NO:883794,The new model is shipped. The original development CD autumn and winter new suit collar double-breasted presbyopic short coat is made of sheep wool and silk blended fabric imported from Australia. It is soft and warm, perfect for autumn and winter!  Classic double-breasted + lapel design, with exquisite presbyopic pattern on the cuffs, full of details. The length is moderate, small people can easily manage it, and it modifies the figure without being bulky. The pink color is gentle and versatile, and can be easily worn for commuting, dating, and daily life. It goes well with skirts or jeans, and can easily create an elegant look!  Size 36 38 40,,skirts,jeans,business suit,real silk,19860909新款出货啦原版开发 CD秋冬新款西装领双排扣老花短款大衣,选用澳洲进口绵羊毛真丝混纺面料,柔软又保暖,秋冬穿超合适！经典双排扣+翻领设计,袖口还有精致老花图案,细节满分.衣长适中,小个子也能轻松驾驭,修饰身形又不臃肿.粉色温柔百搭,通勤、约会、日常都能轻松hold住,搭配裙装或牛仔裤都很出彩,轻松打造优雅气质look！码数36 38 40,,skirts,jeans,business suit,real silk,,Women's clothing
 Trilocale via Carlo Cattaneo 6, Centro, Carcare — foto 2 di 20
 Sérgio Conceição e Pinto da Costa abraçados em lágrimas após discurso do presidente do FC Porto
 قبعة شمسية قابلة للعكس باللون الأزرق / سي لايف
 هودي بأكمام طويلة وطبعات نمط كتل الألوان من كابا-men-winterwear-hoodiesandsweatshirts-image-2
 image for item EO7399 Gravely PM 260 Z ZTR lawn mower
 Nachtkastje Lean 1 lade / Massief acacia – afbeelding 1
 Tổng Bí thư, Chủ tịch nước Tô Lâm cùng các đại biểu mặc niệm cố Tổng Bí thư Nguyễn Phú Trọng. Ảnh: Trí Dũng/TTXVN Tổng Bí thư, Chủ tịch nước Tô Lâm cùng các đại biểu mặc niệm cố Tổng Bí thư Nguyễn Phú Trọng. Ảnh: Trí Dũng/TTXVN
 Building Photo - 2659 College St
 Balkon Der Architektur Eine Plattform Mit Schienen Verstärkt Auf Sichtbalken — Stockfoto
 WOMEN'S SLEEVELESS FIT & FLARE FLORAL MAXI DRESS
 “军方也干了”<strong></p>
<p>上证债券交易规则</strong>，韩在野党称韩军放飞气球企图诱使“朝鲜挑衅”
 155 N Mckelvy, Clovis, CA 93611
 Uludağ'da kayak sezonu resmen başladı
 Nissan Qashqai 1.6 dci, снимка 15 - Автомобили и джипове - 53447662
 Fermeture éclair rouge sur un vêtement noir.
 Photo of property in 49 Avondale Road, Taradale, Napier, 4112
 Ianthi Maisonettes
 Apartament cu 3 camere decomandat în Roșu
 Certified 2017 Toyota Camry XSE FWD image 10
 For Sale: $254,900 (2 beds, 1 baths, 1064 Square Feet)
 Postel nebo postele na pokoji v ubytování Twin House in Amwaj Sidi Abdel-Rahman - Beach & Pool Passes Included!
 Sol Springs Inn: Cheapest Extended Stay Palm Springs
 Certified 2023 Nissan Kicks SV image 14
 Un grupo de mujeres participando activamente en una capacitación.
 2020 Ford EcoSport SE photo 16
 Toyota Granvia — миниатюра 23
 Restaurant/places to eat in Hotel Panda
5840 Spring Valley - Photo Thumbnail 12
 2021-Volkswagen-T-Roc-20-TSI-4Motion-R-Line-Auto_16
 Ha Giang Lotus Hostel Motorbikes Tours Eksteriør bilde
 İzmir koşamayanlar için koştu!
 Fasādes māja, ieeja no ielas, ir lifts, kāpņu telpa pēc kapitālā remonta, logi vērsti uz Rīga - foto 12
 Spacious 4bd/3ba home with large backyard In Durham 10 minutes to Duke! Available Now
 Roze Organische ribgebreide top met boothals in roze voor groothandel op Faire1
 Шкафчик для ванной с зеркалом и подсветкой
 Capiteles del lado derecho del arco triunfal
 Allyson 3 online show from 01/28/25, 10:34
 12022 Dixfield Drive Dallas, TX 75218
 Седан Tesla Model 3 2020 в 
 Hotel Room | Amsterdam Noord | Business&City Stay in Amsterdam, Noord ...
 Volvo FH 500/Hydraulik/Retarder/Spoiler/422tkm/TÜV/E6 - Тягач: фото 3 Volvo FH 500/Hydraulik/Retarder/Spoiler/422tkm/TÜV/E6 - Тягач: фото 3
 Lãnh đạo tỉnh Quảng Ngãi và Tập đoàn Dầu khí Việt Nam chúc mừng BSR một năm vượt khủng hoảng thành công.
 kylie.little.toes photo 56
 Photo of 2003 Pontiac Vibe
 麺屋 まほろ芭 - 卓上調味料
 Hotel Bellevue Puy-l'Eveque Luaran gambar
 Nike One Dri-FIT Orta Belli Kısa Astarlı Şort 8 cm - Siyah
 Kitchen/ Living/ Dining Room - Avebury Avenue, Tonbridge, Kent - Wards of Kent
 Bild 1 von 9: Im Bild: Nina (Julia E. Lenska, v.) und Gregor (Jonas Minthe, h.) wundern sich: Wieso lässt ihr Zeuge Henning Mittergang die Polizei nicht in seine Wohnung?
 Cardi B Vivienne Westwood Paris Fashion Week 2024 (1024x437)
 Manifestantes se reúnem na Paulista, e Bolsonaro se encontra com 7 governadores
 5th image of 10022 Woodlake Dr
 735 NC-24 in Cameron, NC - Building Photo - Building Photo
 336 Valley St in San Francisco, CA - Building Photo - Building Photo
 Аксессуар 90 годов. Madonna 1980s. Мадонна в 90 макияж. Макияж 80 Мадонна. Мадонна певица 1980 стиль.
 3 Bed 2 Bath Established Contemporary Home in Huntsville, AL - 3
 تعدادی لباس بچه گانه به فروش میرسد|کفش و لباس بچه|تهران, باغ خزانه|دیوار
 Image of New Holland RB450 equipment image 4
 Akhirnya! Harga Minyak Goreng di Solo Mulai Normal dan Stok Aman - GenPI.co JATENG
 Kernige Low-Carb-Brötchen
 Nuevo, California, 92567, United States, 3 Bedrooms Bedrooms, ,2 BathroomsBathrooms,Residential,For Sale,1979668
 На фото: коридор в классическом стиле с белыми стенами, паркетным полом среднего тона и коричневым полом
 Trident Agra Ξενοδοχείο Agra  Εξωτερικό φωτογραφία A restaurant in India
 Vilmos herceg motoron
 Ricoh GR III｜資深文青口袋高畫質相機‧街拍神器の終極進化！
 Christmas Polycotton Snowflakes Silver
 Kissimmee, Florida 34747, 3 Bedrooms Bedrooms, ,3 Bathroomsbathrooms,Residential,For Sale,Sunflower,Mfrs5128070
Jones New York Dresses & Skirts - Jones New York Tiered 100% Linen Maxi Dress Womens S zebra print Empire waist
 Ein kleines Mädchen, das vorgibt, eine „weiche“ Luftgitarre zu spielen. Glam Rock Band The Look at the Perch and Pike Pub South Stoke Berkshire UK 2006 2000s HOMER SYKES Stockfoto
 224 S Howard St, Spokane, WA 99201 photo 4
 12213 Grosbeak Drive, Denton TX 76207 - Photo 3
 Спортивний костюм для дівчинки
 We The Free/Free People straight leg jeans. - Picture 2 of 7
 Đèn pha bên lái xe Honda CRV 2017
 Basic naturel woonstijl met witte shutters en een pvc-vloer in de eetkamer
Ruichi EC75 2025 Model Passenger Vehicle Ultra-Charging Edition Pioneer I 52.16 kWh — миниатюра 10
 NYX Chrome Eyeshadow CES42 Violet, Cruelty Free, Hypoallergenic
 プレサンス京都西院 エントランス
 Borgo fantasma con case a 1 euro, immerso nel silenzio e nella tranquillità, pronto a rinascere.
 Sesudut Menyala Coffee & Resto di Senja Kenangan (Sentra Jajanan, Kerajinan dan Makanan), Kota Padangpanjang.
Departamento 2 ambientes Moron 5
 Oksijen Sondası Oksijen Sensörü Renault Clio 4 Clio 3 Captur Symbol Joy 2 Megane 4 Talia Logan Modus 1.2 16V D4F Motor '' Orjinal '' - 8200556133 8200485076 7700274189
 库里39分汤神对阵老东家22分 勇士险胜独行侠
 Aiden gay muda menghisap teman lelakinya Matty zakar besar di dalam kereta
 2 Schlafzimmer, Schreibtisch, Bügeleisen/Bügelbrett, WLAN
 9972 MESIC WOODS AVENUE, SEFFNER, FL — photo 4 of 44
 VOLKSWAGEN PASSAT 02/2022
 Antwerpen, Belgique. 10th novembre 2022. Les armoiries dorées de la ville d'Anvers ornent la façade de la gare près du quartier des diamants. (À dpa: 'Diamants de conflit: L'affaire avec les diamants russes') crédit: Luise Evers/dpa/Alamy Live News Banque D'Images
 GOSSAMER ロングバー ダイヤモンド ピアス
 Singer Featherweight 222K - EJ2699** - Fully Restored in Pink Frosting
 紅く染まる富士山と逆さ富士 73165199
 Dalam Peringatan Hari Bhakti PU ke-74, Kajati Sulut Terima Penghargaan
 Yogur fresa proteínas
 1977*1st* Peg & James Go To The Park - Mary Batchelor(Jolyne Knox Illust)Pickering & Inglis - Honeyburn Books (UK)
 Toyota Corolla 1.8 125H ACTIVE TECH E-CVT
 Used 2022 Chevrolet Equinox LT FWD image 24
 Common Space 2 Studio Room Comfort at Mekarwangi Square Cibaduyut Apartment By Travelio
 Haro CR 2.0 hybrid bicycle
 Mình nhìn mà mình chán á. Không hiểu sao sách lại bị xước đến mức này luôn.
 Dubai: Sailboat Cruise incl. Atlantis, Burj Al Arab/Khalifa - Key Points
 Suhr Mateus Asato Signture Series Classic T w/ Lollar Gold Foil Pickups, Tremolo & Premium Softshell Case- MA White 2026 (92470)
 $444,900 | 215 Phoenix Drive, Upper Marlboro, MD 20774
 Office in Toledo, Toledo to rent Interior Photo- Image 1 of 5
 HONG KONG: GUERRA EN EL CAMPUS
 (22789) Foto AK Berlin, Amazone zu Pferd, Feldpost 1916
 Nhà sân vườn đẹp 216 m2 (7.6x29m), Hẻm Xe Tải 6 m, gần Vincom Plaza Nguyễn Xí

####

**Exercise details:**
What are the lines above, starting at the one with "Hotel Room |" and ending at the one with "麺屋 まほろ芭 - 卓上調味料"? Give them again exactly, and only them.

**Response to the exercise:**
 Hotel Room | Amsterdam Noord | Business&City Stay in Amsterdam, Noord ...
 Volvo FH 500/Hydraulik/Retarder/Spoiler/422tkm/TÜV/E6 - Тягач: фото 3 Volvo FH 500/Hydraulik/Retarder/Spoiler/422tkm/TÜV/E6 - Тягач: фото 3
 Lãnh đạo tỉnh Quảng Ngãi và Tập đoàn Dầu khí Việt Nam chúc mừng BSR một năm vượt khủng hoảng thành công.
 kylie.little.toes photo 56
 Photo of 2003 Pontiac Vibe
 麺屋 まほろ芭 - 卓上調味料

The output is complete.